Thus, in a piece titled “The Supreme Court is losing the people’s trust,” he wrote: “The view of the court as an ivory tower, home to self-appointed gods, is becoming more and more common, and this is reflected in different confidence indexes. Last May, for example, the Rule of Law Index by Professor Arie Ratner of Haifa University found that 49 percent of Jewish Israeli citizens have confidence in the Supreme Court. In 2000, that rate stood at 80 percent. This isn’t a slip or a drop, it’s a collapse.”
The law as the last refuge of the unscrupulous?
It was in April 1775 that Samuel Johnson (1709-1784), the celebrated English writer, articulated his well-known dictum, “Patriotism is the last refuge of the scoundrel.” His biographer, James Boswell (1740-1795), explained that by “patriotism, Johnson did not mean a real and generous love of our country, but that pretended patriotism which so many … have made a cloak for self-interest.”
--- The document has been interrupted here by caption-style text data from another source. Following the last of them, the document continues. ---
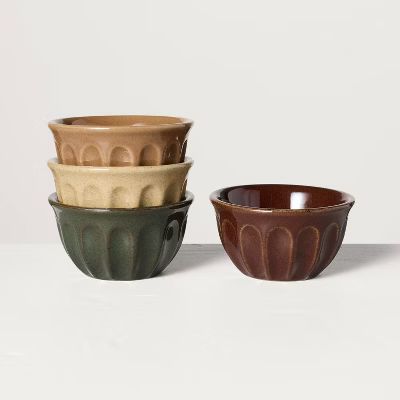 4pk Fluted Stoneware Mini Bowls - Hearth &#38; Hand&#8482; with MagnoliaThis item is not availabl... | Target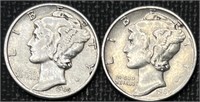 1940 & 1945-D Mercury Dimes
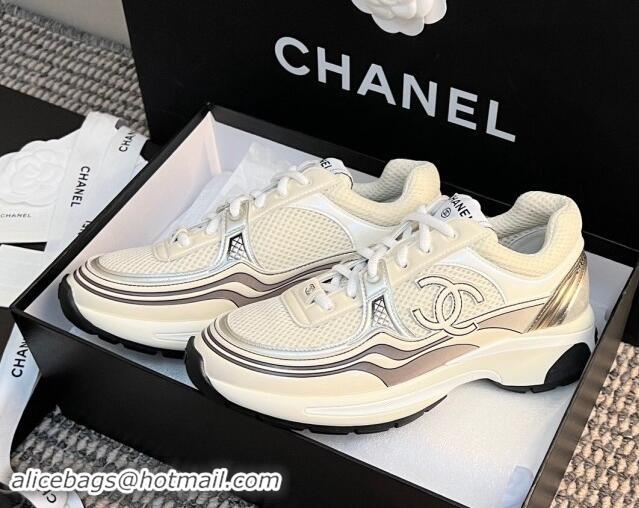 Sumptuous Chanel Mesh & Calfskin Sneakers G39792 White 120121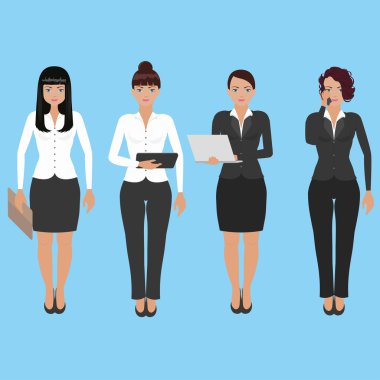 Genç iş kadını farklı saç kesimi ile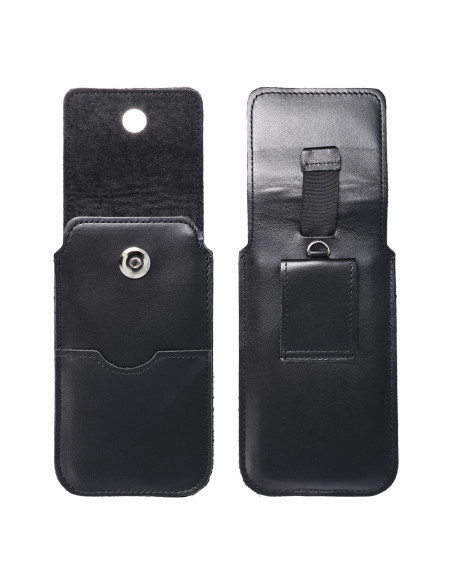 Slip-on universel en cuir avec rabat - ROYAL / noir - Taille L - IPHONE 6 / 7 / 8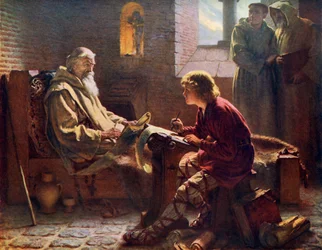 Le Vénérable Bède traduisant le dernier chapitre de Saint Jean
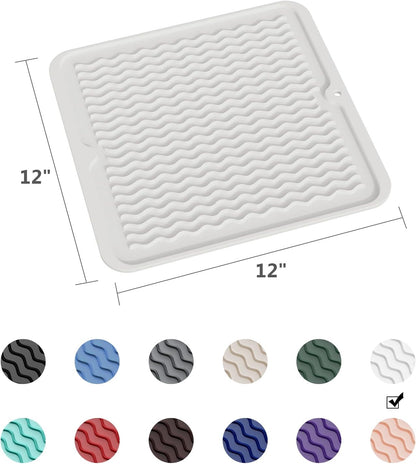 4-in-1 Silicone Mat: Air Fryer & Coffee Maker, 12"x12", Black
In Israel, against the backdrop of the turmoil over the functioning of the Supreme Court, one might well be tempted to formulate a parallel dictum. Thus, not patriotism, but the law, is last refuge of the unscrupulous, where any failed politician, unable to defeat his rivals at the polls, can—draped in “a cloak of self-interest” and driven not by a genuine love of the law, but by a desire to circumvent the will of the voters—enlist the courts to help unseat them. Or, in the previously cited words of Taub, “by moving political power from elected to appointed institutions—from the parliament to the court.”
Of course, none of this would have been possible unless the Supreme Court has not been amenable—indeed, eager—to facilitate such a power shift. This was particularly true for the period when Professor Aharon Barak was president of the Supreme Court—from 1995 to 2006.
The Supreme Court as an ‘alternate government’
One of Israel’s most prominent legal scholars, and Israel Prize laureate for law, Professor Amnon Rubinstein, who also served as an MK for the far-left Meretz faction and held several ministerial portfolios on its behalf, characterized, in vivid terms, the judicial metamorphosis Barak introduced. He wrote: “Barak was a revolutionary … who persuaded his colleagues to follow him and undertake an extraordinary judicial policy. According to this policy, the courts can adjudicate any administrative or legislative act … .”
Rubinstein continued: “Thus, a situation arose whereby the Supreme Court could convene and decide on every conceivable issue. In addition, the unreasonableness of an administrative measure became grounds for judicial intervention. This was a total revolution in the judicial thinking which characterized the Supreme Court of previous generations, and this has given it the reputation of the most activist court in the world … .”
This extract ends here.